A Família Mattos começa a chegar em 1901 através do patriarca José de Mattos Pereira e os filhos João, Ponciano e Amândio. Membros desta família chegaram até o ano de 1905, constituindo-se na maior família da localidade, com mais de 100 pessoas.
“A participação dos Mattos nas atividades do patrimônio e depois do município foi intensa, necessitando um capitulo a parte para os relatos”, afirma Rozemar.
Terra de índio – O historiador e presidente da Comissão de Revisão Histórica de Dourados, Carlos Magno Mieres Amarilha, cita em seu trabalho de pesquisa que antes da chegada dos migrantes de outras regiões do país e de viajantes, que faziam parada no povoado, a região era habitada pelos índios.
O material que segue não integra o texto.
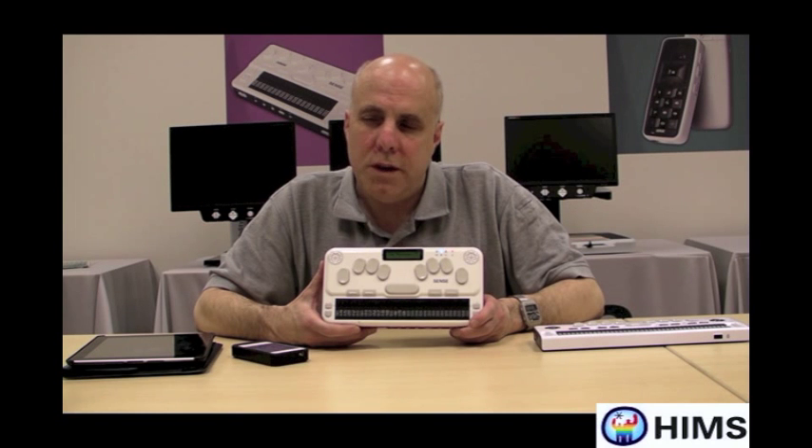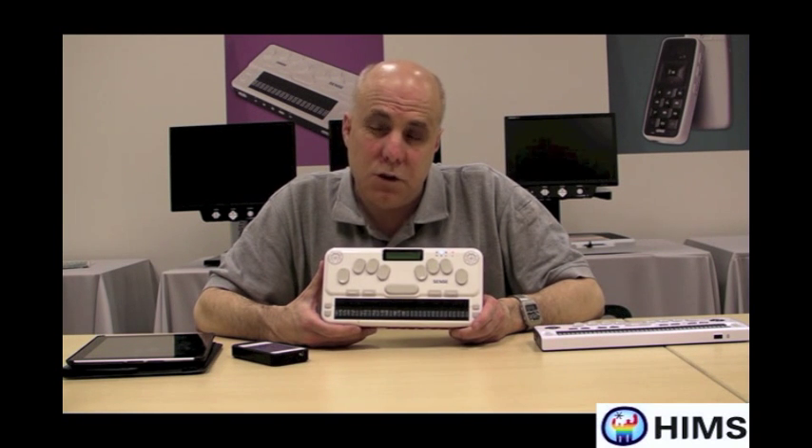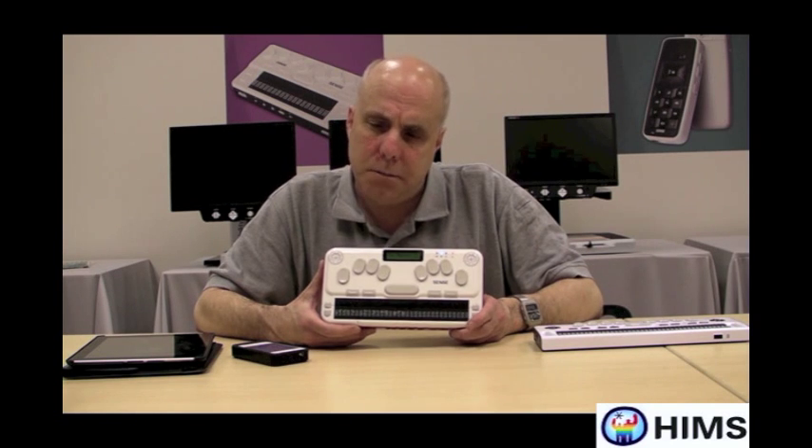First, though, we need to tell the iPhone that the BrailleSense U2 is available as a Braille display. So the first thing I'm going to do is make sure that the U2 is turned on, which it is. And I'm going to press the letter U for utilities. I'm then going to press the letter S for terminal screen reader mode — S as in Sam.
“Entre as inúmeras populações que moram nesta região, uma das que mais se destacam são os guarani-kaiowá, considerada uma comunidade muito populosa que ocupava um vasto espaço territorial no sul de Mato Grosso. O município de Rio Brilhante teve até o nome de ‘Caiuás’, devido aos inúmeros indígenas kaiowá que moravam nesta localidade. Ercília de Oliveira Pompeu afirma que o início histórico do Município de Dourados deu-se assim: ‘habitada a região pelos índios caiuás e possuindo matas exuberantes, rios caudalosos, formando assim o que seria mais tarde, ou seja, nos dias atuais, as divisas do Município de Dourados’. Nesse sentido, tudo indica que os kaiowá da etnia guarani são os primeiros habitantes deste imenso território em que se fundou a cidade de Dourados”.